Auslöser war die Richtlinie 2013/11/EU des Europäischen Parlaments und des Rates vom 21.5.2013 über die alternative Beilegung verbraucherrechtlicher Streitigkeiten (ADR-Richtlinie) und die Verordnung (EU) Nr. 524/2013 des Europäischen Parlaments und des Rates vom 21.5.2013 über die Online-Beilegung verbraucherrechtlicher Streitigkeiten und zur Änderung der Verordnung (EG) Nr. 2006/2004 und der Richtlinie 2009/22/EG (ODR Verordnung).

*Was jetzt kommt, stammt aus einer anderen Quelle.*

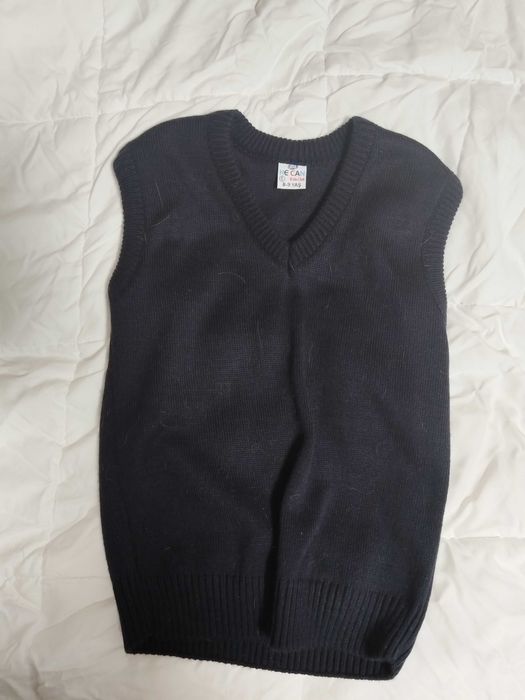 Продам школьные жилетки.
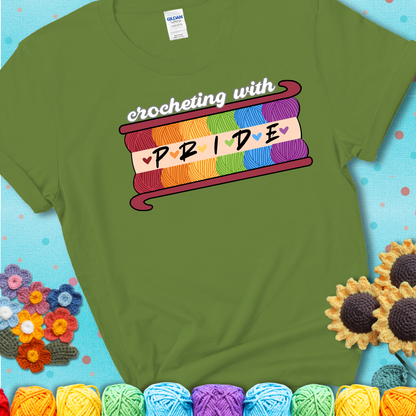 Yarn skeins in rainbow colors stacked in a hook shape. Text reads “Crocheting With Pride” showing a green tee with a teal sunflower background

Diese wurden mit dem "Gesetz zur Umsetzung der Richtlinie über alternative Streitbeilegung in Verbraucherangelegenheiten und zur Durchführung der Verordnung über Online-Streitbeilegung in Verbraucherangelegenheiten" in deutsches Recht umgesetzt. Seit dem 1.4.2016 galt das Verbraucherstreitbeilegungsgesetz als Kernstück dieser Reform.
2019 wurde das "Gesetz zur Änderung von Vorschriften über die außergerichtliche Streitbeilegung in Verbrauchersachen und zur Änderung weiterer Gesetze" verabschiedet, das im Wesentlichen seit dem 1.1.2020 gilt.
Als weiteres Verbraucherschutzelement ist am 18.7.2018 das Gesetz zur Einführung einer zivilprozessualen Musterfeststellungsklage in Kraft getreten.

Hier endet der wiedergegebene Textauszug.